● **Exercise goal**: Below is a listing; print exactly its lines from the one containing "Поводки дворников Веста" down to the one containing "Apple iPhone 15", both inclusive, with every picture left out.

● **Data for this exercise**:
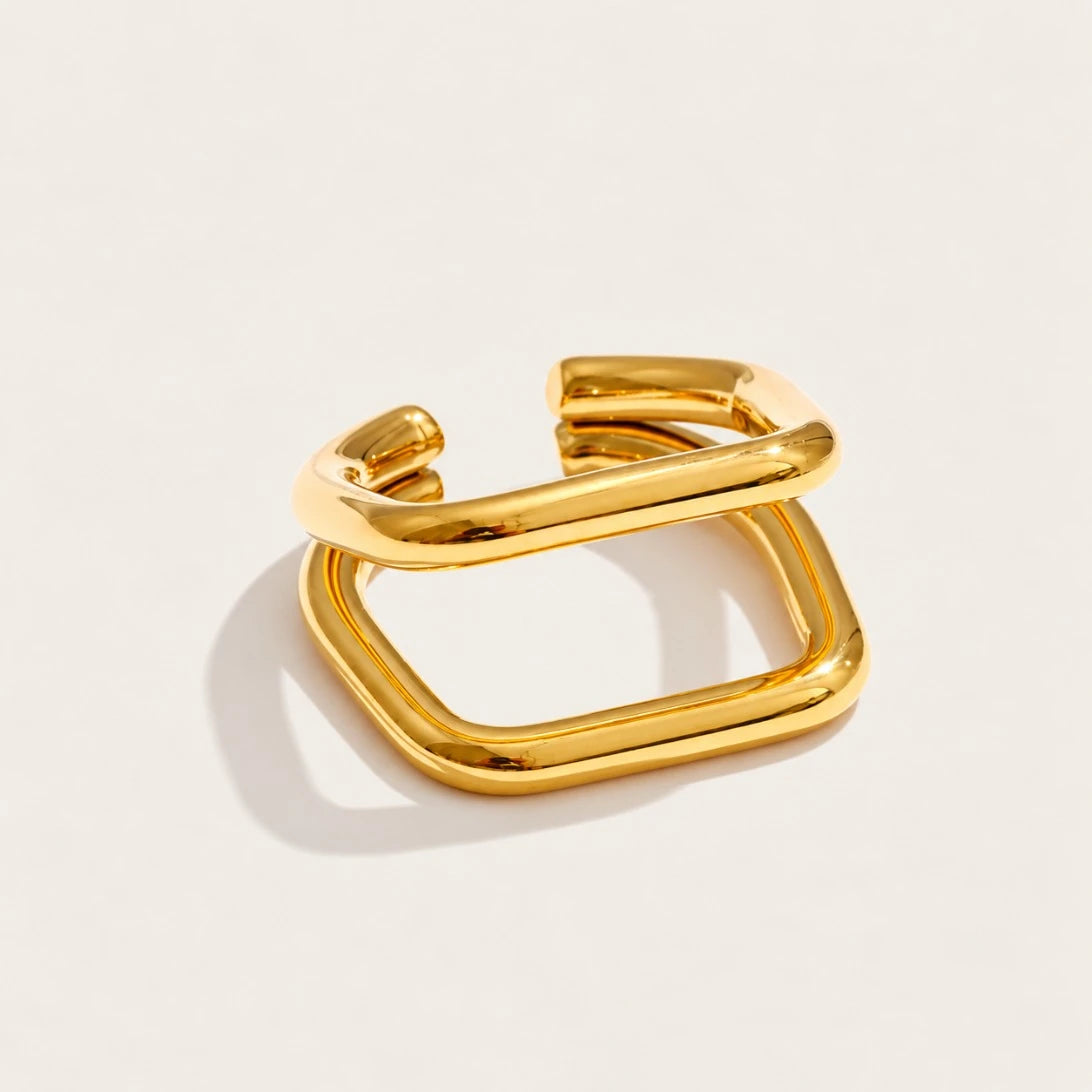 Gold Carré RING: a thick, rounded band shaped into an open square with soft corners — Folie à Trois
--
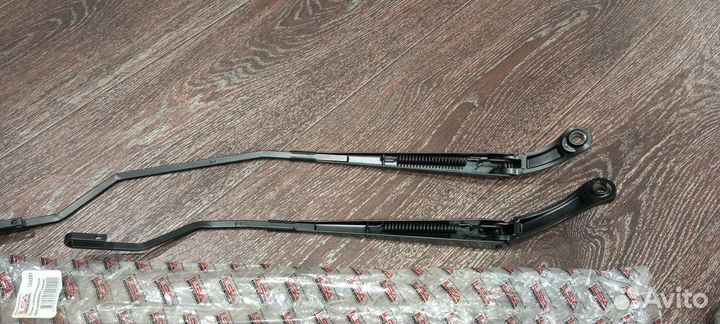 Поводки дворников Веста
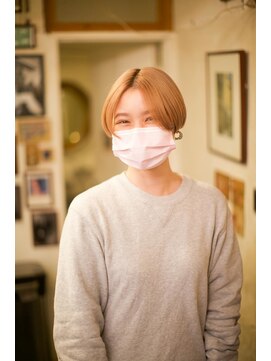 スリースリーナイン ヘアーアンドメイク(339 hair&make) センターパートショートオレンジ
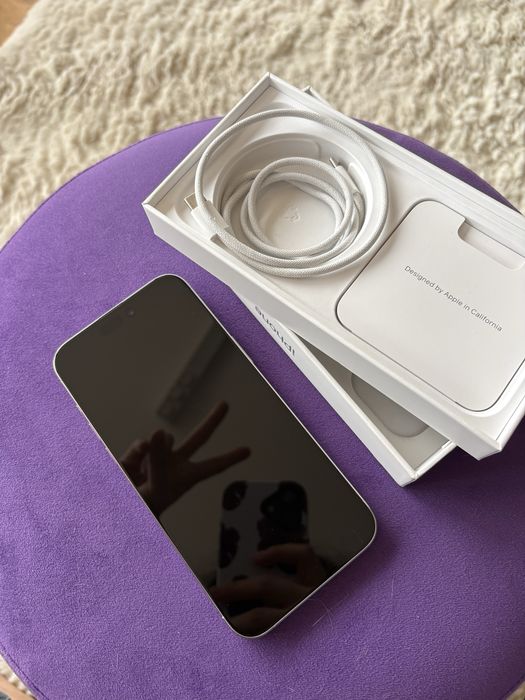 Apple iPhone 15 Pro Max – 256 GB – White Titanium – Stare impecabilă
* * *
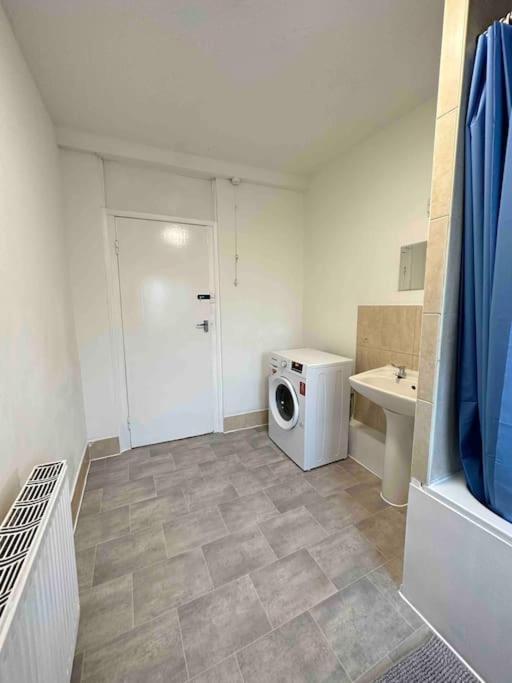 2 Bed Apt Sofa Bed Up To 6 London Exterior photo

● **Exercise result**:
 Поводки дворников Веста
 スリースリーナイン ヘアーアンドメイク(339 hair&make) センターパートショートオレンジ
 Apple iPhone 15 Pro Max – 256 GB – White Titanium – Stare impecabilă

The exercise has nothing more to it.